** Assigned task **
The reply must contain exactly the lines below from the one with "SWORKz 330658 S12-1" down to the one with "Long sleeve lace jacket Enigma - size: L", both included, and nothing more; please omit the pictures.

Given records section start

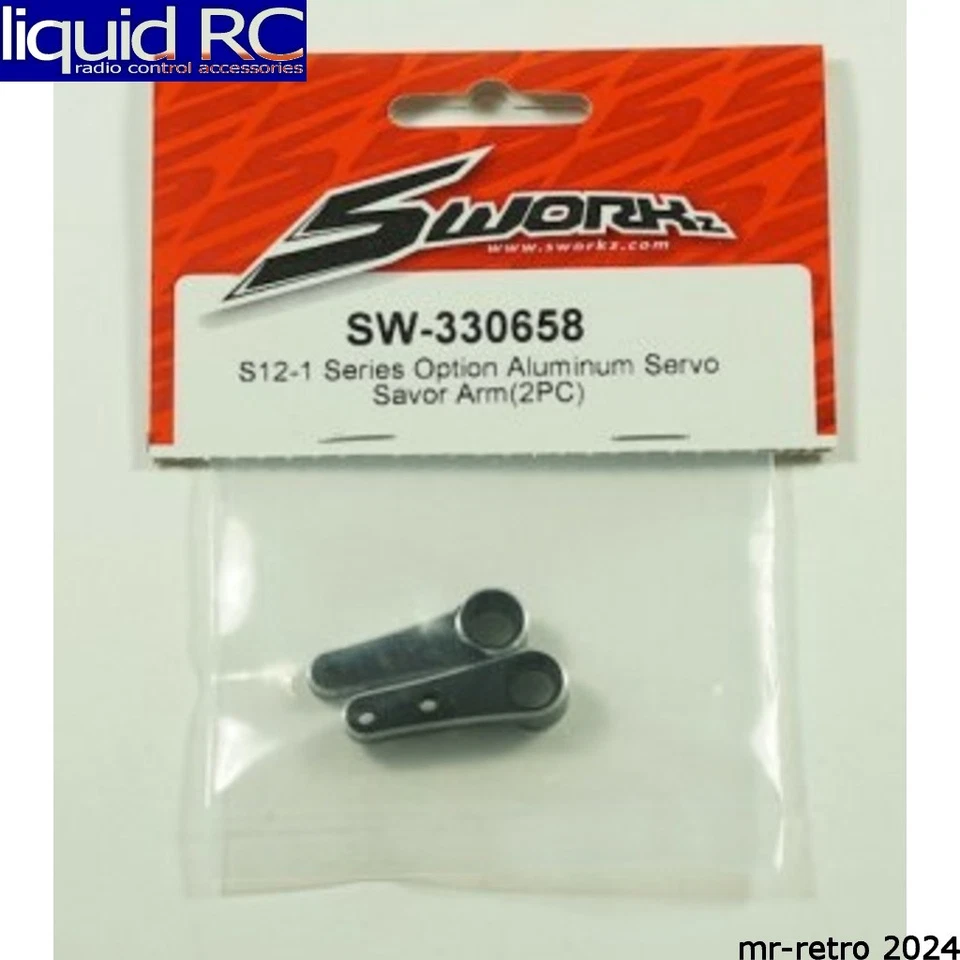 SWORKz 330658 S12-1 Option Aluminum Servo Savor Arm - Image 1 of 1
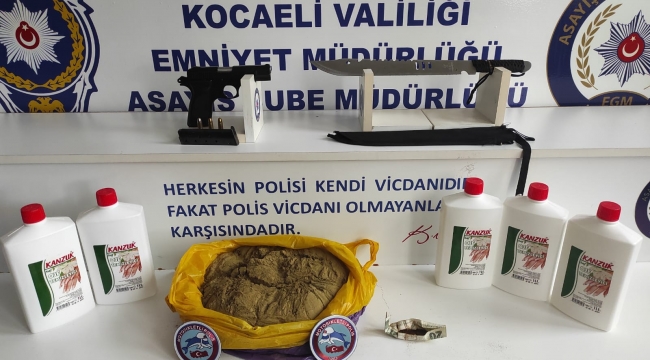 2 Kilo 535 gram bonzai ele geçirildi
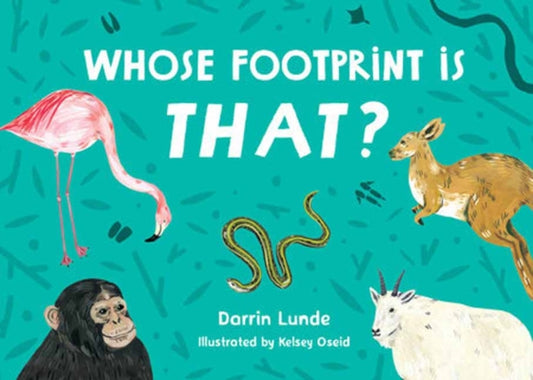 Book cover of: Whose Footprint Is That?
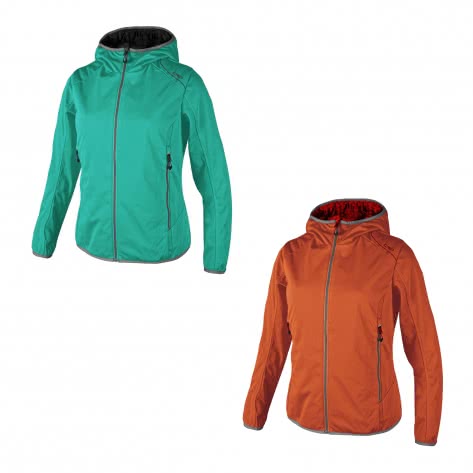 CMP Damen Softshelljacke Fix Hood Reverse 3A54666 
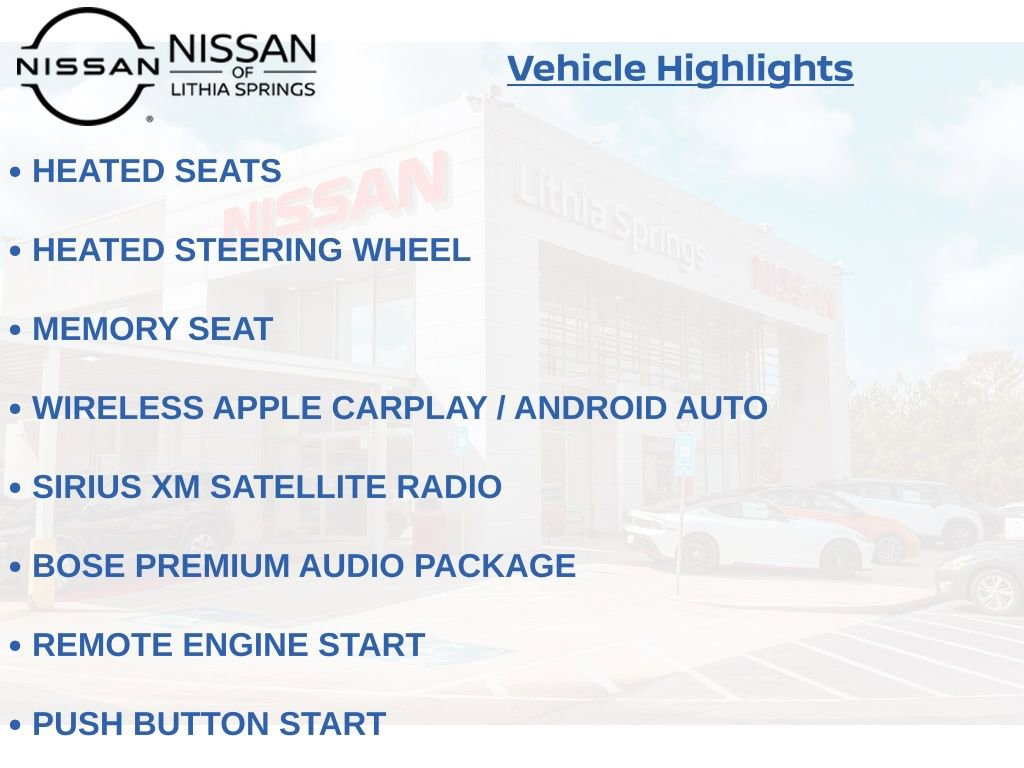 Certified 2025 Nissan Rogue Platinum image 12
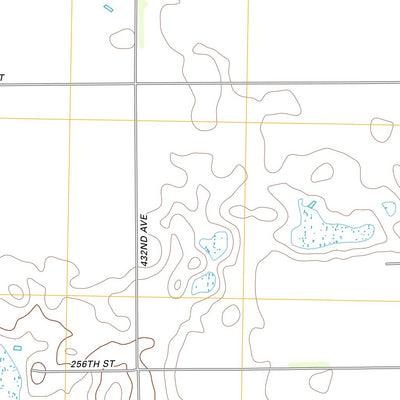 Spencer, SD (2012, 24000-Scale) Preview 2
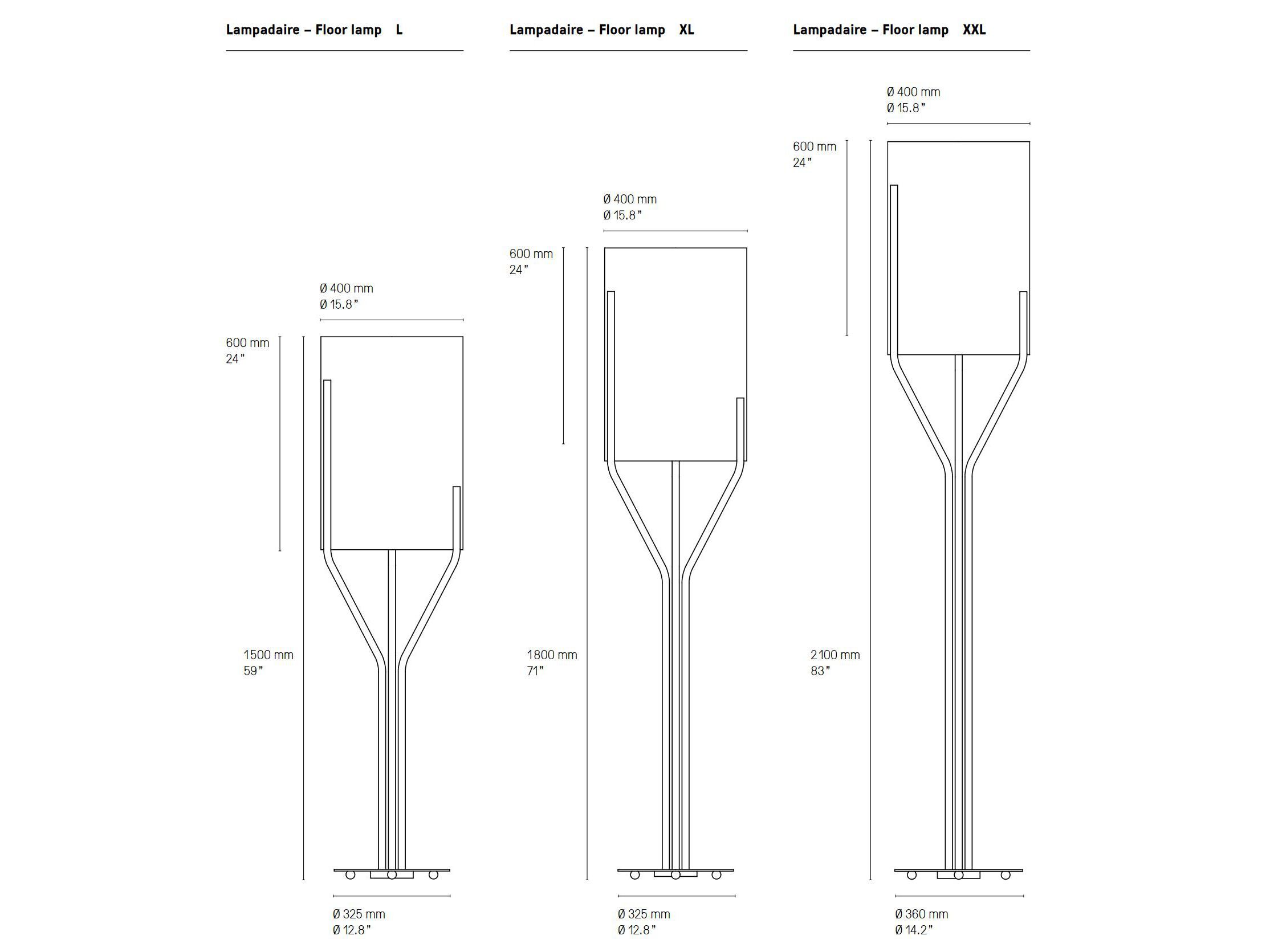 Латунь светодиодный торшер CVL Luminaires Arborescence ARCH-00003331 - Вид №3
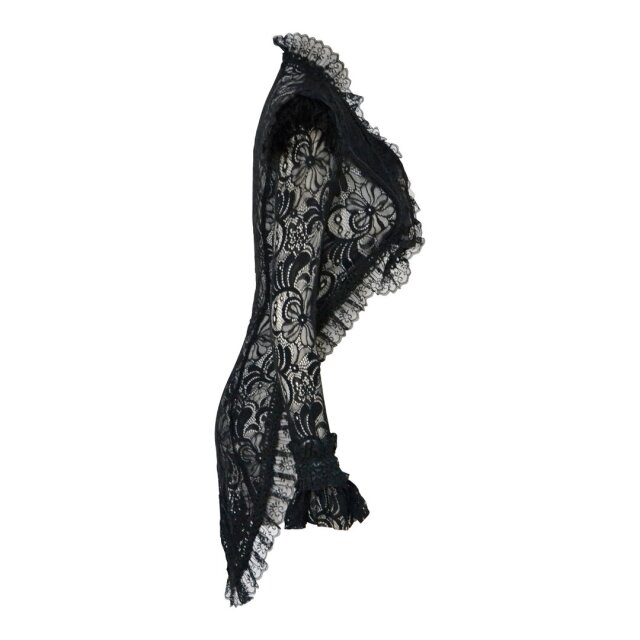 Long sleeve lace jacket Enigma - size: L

Given records section end
Given records section start

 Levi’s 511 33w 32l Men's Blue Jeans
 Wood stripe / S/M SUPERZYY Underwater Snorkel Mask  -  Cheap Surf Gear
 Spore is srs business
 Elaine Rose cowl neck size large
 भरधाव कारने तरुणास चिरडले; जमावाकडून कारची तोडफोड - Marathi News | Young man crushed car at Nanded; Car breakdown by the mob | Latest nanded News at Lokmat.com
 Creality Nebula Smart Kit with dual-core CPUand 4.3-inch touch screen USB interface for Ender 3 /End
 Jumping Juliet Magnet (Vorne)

Given records section end

** Result of this task **
 SWORKz 330658 S12-1 Option Aluminum Servo Savor Arm - Image 1 of 1
 2 Kilo 535 gram bonzai ele geçirildi
 Book cover of: Whose Footprint Is That?
 CMP Damen Softshelljacke Fix Hood Reverse 3A54666 
 Certified 2025 Nissan Rogue Platinum image 12
 Spencer, SD (2012, 24000-Scale) Preview 2
 Латунь светодиодный торшер CVL Luminaires Arborescence ARCH-00003331 - Вид №3
 Long sleeve lace jacket Enigma - size: L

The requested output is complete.